Die Fokussierung auf die beiden Protagonisten ist konsequent in der Inszenierung angelegt. Es gibt keine Draufsicht von außen, keinen neutralen Bericht der Geschehnisse. Denny und Joey übernehmen abwechselnd die Rolle des Erzählers, berichten dem Publikum, was passiert ist, häufig vom Rand der Bühne aus. Dann wieder betreten sie die Bühne für direkte Szenen, etwa wenn es in Dennys Wohnzimmer zum Streit kommt oder Joey den bedröhnten Freund zur Rede stellt.

Patrick Wolff und Patrick Gabriel, der schon in einigen Inszenierungen Seidels zu sehen war, verkörpern Joey und Denny im wahrsten Sinne des Wortes. Sie stehen ständig unter Strom, tragen die Spannung des Stücks mit jeder Faser nach außen; ob im szenischen Spiel oder im Monolog, der sich im Laufe des Abends immer deutlicher an das Publikum richtet und eine weitere Erzählebene öffnet. "Zwei beste Freunde" fußt ganz auf dem intensiven Spiel seiner beiden zu Recht bejubelten Hauptdarsteller; schließlich hatte sich Bernd Seidel ein echtes Schauspielerstück gewünscht.

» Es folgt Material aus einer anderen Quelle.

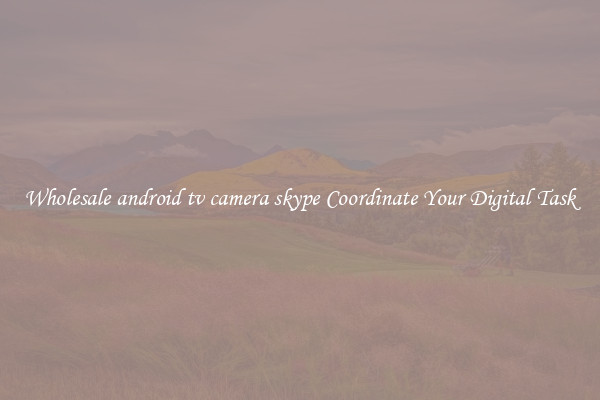 Wholesale android tv camera skype Coordinate Your Digital Task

Auch die minimalistische Bühnenausstattung in Seidels Inszenierung zieht keine Aufmerksamkeit von den Protagonisten ab. Mit klug eingesetzten Lichteffekten fließen die Szenen teils ineinander, reichen sich innerer und äußerer Konflikt die Hand. Wolff und Gabriel nehmen die Herausforderung an und wissen sie auch im Spiel zu meistern. Der ständige Wechsel zwischen Dialog und Monolog geht anfangs noch etwas zu Lasten der Spielintensität, auch der vom englischen Original übertragene Text kommt in manchen Passagen etwas sperrig daher. Doch je weiter sich Denny und Joey in Probleme verstricken, desto fließender werden Sprache und Zusammenspiel.

Unter dem Eindruck der bedrohlichen äußeren Umstände tritt die Ambivalenz der Freundschaft zwischen diesen Männern, bei denen fraglich ist, welcher eigentlich der kaputtere ist, immer deutlicher zu Tage. Der im Originaltitel genannte endlose Regen will nicht aufhören zu fallen, "als ob sich etwas ewig aufstauen würde, bis es irgendwann ausbricht", wie Joey sagt.

Mit Spannung verfolgt das Publikum - bei der Premiere im beinahe ausverkauften Wolf-Ferrari-Haus - wie jeder der Cops, nachdem sie den Tod eines Jungen zu verantworten haben, mit seinen Schuldgefühlen umzugehen versucht. Die Zuschauer erleben mit, wie sie einen Ausweg suchen aus der Spirale von Frust, Gewalt, Zweifel an der Welt und an sich selbst, und wie einer von ihnen ihn am Ende findet. Der düstere Thriller fordert die Zuschauer. Doch der Spannungsbogen, getragen von den beiden immer befreiter aufspielenden Hauptdarstellern, hält bis zum Schluss.

"Zwei beste Freunde" wird an diesem Freitag, 20 Uhr, im Kubiz Unterhaching aufgeführt. Restkarten gibt es über Reservix und Münchenticket.